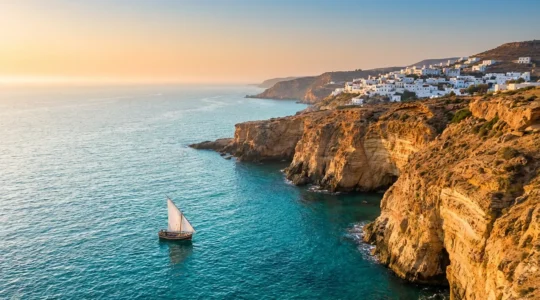 Vue panoramique sur la côte méditerranéenne du Maghreb avec falaises ocres, mer turquoise et ville blanche au crépuscule
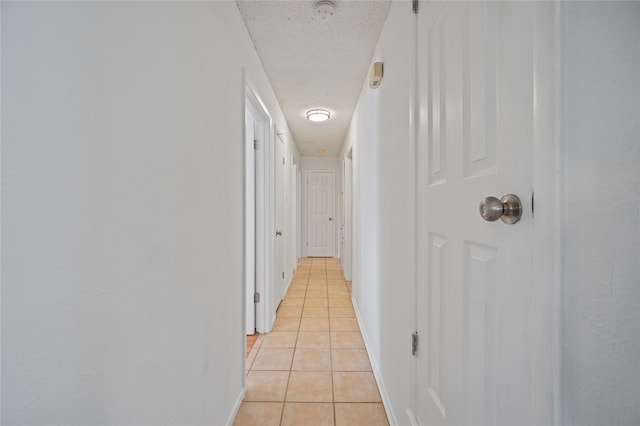 corridor with a textured ceiling and light tile patterned flooring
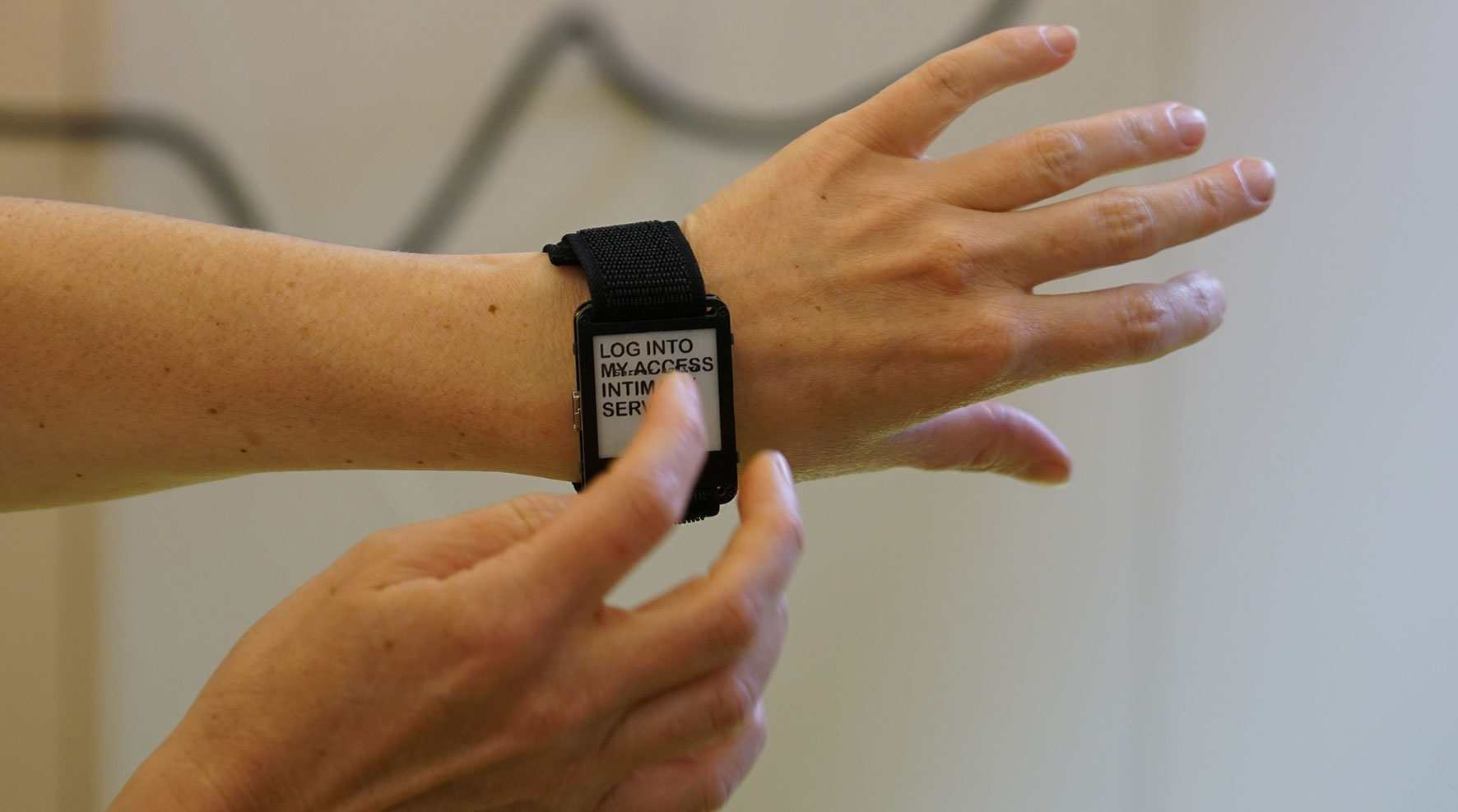 E-ink wrist band and wifi module showing an access rider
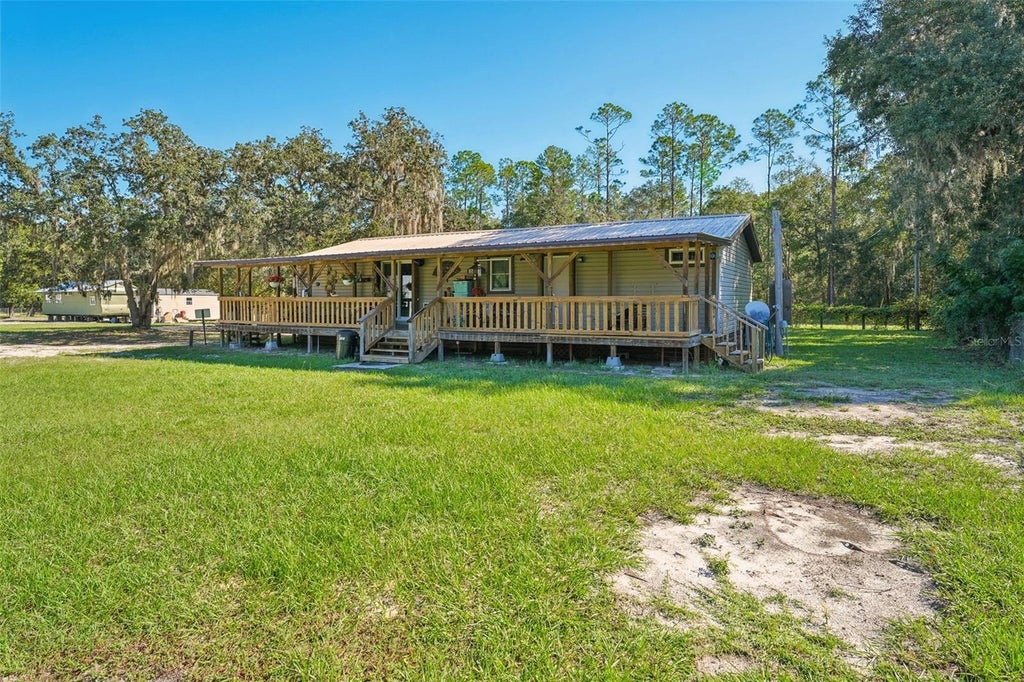 Photo of 879 Cousintown Road, Interlachen, FL 32148 (MLS # FC322245)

**The problem**
The listing is to be repeated word for word, with all pictures omitted.

**Result of the exercise**
 Vue panoramique sur la côte méditerranéenne du Maghreb avec falaises ocres, mer turquoise et ville blanche au crépuscule
 corridor with a textured ceiling and light tile patterned flooring
 E-ink wrist band and wifi module showing an access rider
 Photo of 879 Cousintown Road, Interlachen, FL 32148 (MLS # FC322245)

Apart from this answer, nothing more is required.